Start of DATA EXTRACT

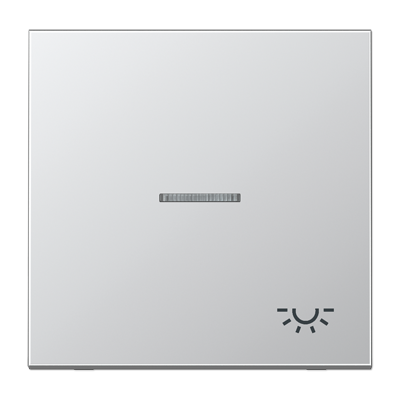 JUNG AL2990KO5L, rocker, 4011377014824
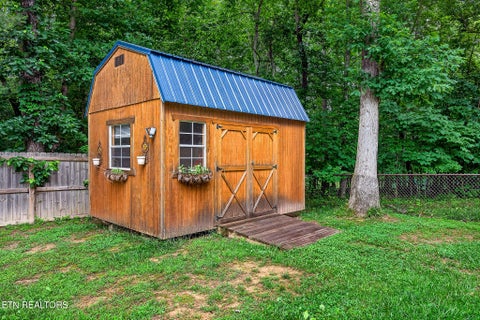 Tiny photo for 2689 Spruce Loop, Crossville, TN 38555 (MLS # 1343190)
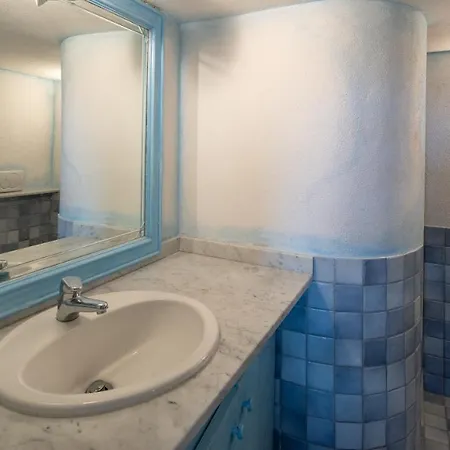 Apartment Welcomely - Portisco Casa Coralli Olbia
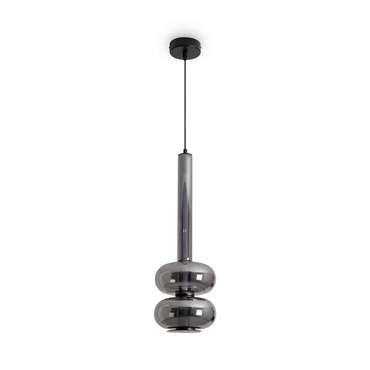 Подвесной светильник Freya FR6187PL-L9SM1 Swim LED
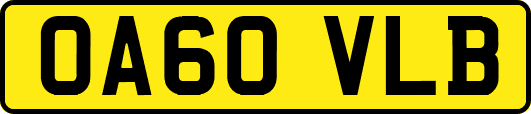 OA60VLB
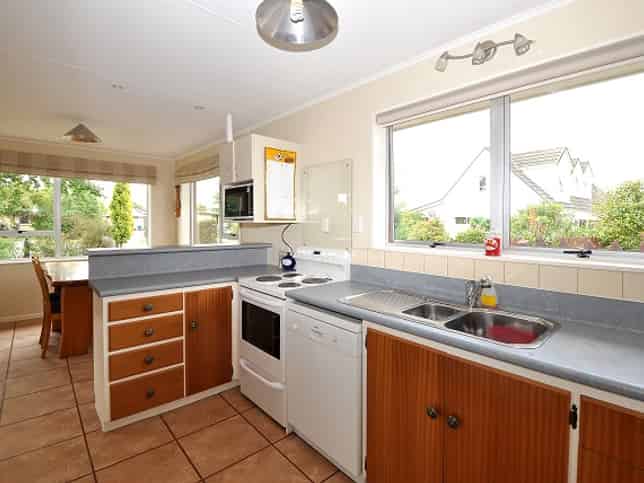 10 Owen Place, Springlands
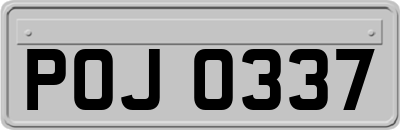 POJ0337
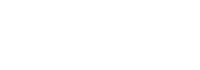 延津县新闻网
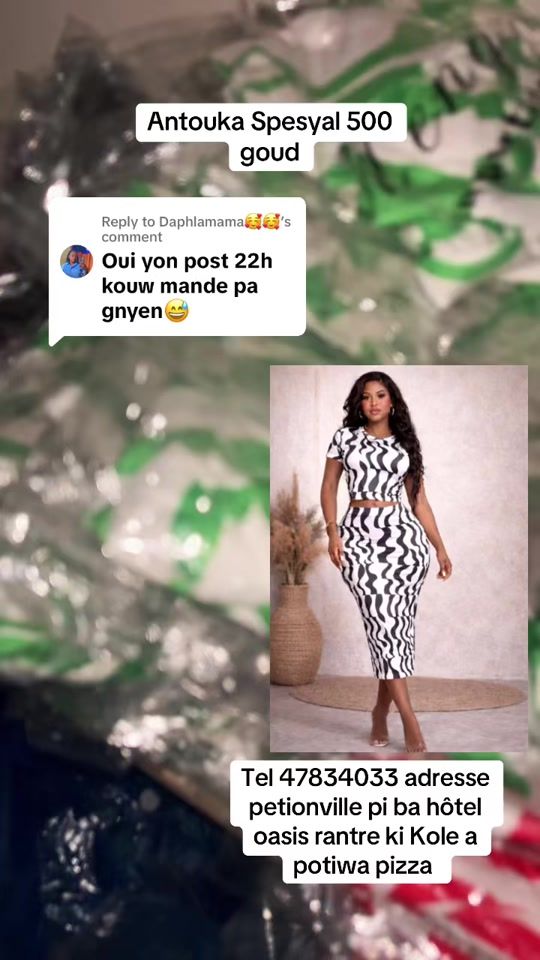TikTok video thumbnail by rebecca_store25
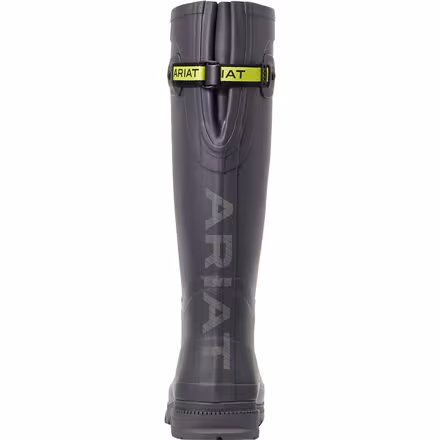 Kelmarsh Boot - Women's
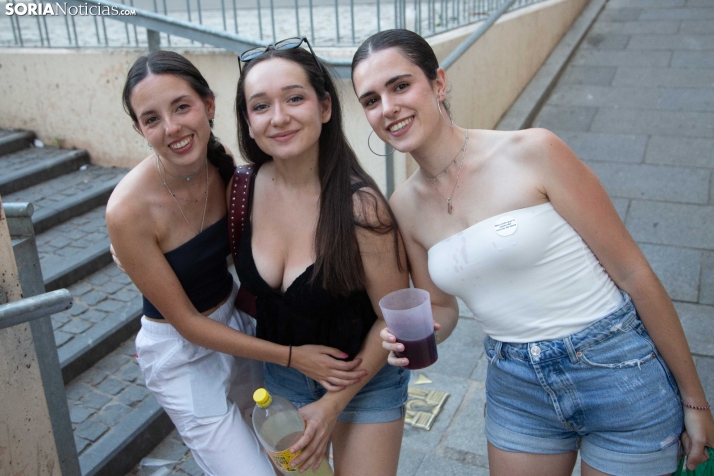 Subastas Sábado Agés 2026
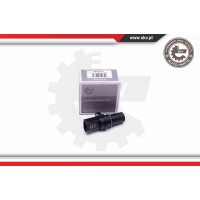 17SKV508 ESEN SKV Датчик імпульсів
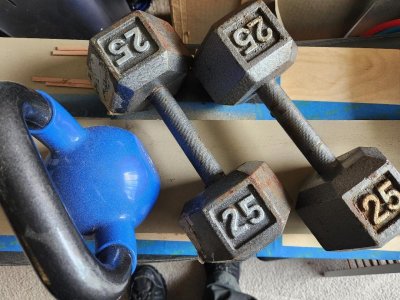 thumbnail (5).jpg thumbnail (5).jpg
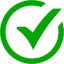 Success Icon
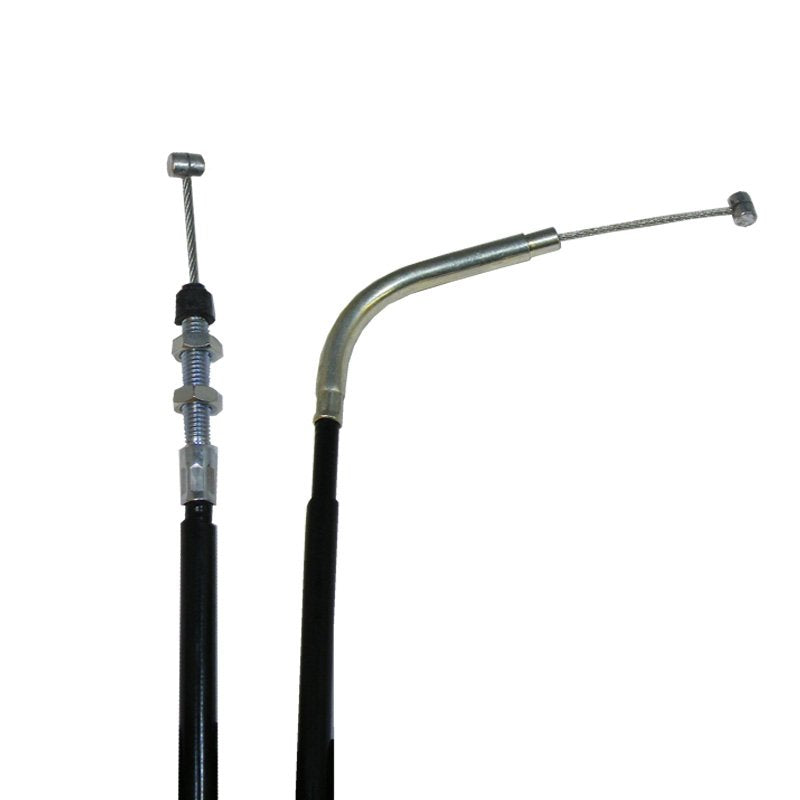 Hand Brake Cable – Kawasaki KLF 220 / 250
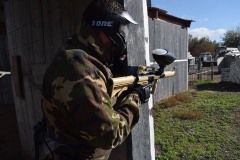 Grupos-Friendlyfire-Paintball-Sevilla-02-diciembre-2023-43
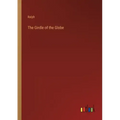 The Girdle of the Globe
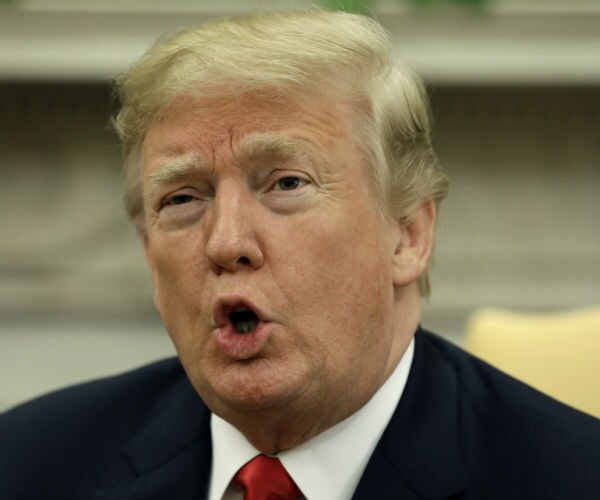 Kurtz: Trump Jump in Polls Despite Media's Portrayal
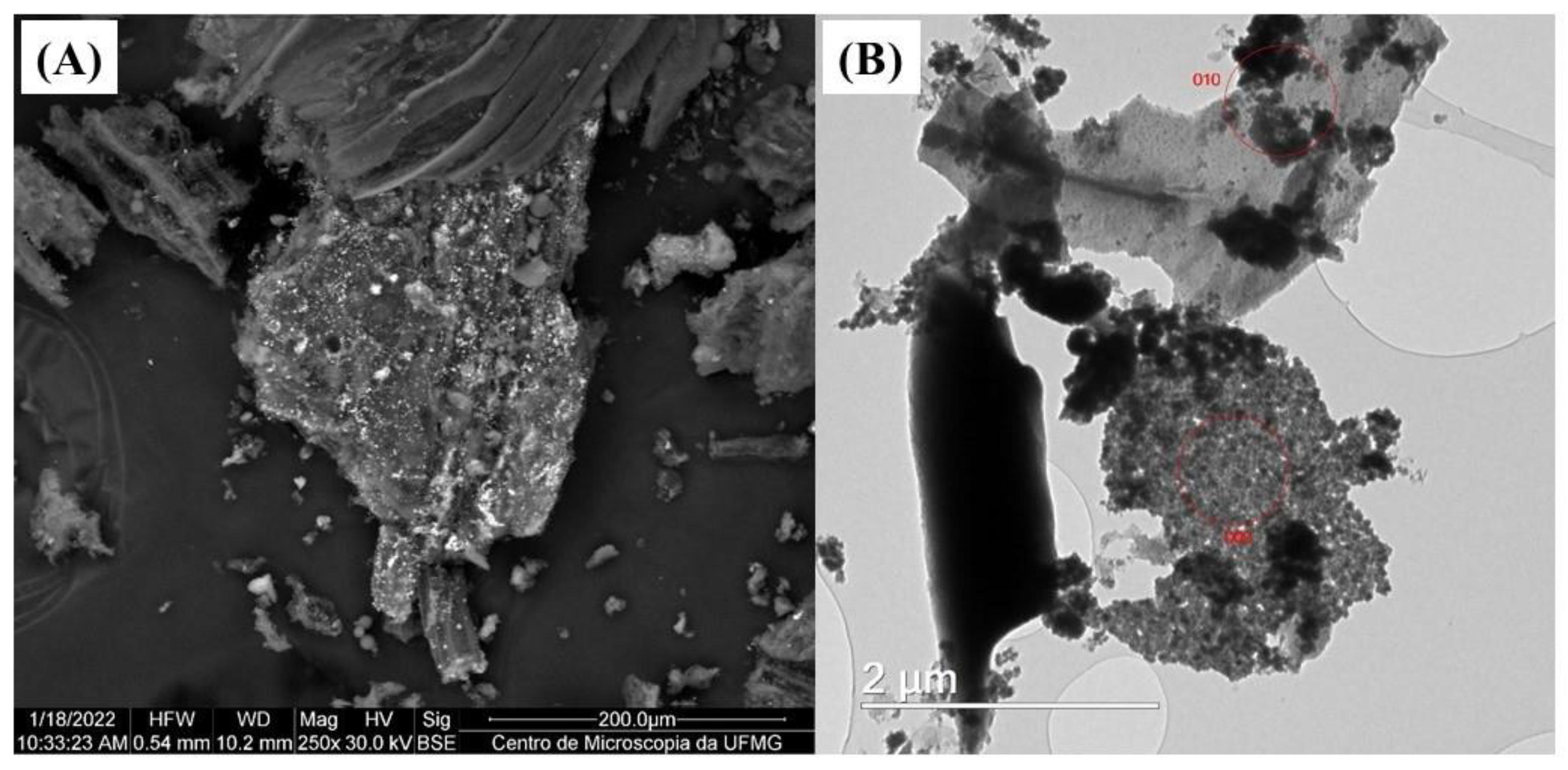 Processes 11 03244 g005 Processes 11 03244 g005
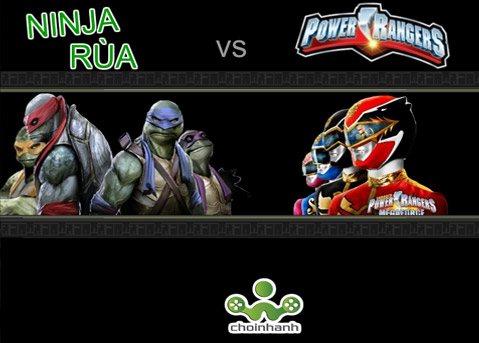 ninja-rua-voi-sieu-nhan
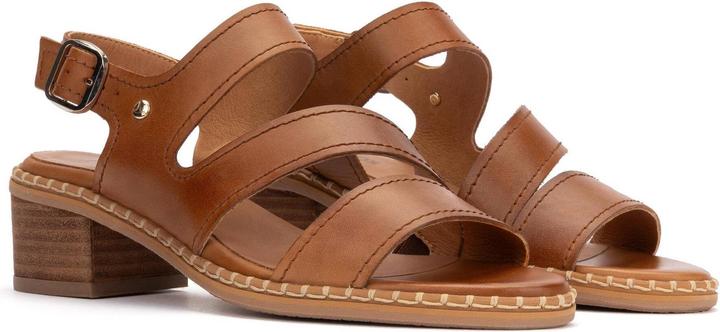 Actual product image Pikolinos Blanes (38)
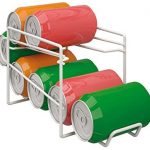 Dispensador de latas Ikea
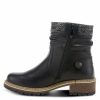 Strandco.shop86432f9b15 9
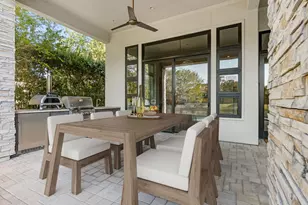 18 Pronghorn Place, The Woodlands, TX 77389 - Photo 39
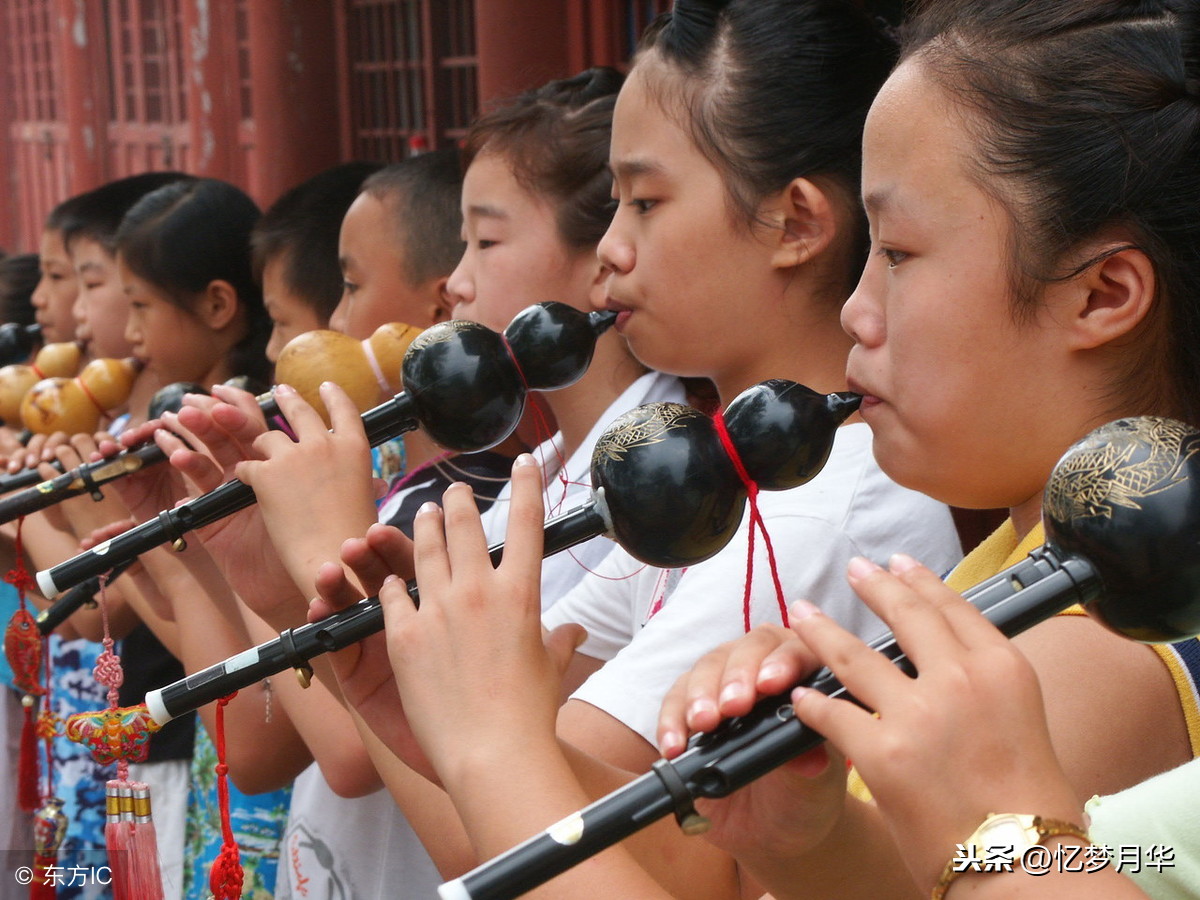 小学生日记训练营第41期:记事日记(9)——丰富多彩的课余生活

End of DATA EXTRACT

*ACTIVITY:*
Please output all the data exactly as given, with the pictures omitted.

*ANSWER SECTION:*
 JUNG AL2990KO5L, rocker, 4011377014824
 Tiny photo for 2689 Spruce Loop, Crossville, TN 38555 (MLS # 1343190)
 Apartment Welcomely - Portisco Casa Coralli Olbia
 Подвесной светильник Freya FR6187PL-L9SM1 Swim LED
 OA60VLB
 10 Owen Place, Springlands
 POJ0337
 延津县新闻网
TikTok video thumbnail by rebecca_store25
 Kelmarsh Boot - Women's
 Subastas Sábado Agés 2026
 17SKV508 ESEN SKV Датчик імпульсів
 thumbnail (5).jpg thumbnail (5).jpg
 Success Icon
 Hand Brake Cable – Kawasaki KLF 220 / 250
 Grupos-Friendlyfire-Paintball-Sevilla-02-diciembre-2023-43
 The Girdle of the Globe
 Kurtz: Trump Jump in Polls Despite Media's Portrayal
 Processes 11 03244 g005 Processes 11 03244 g005
 ninja-rua-voi-sieu-nhan
 Actual product image Pikolinos Blanes (38)
 Dispensador de latas Ikea
 Strandco.shop86432f9b15 9
 18 Pronghorn Place, The Woodlands, TX 77389 - Photo 39
 小学生日记训练营第41期:记事日记(9)——丰富多彩的课余生活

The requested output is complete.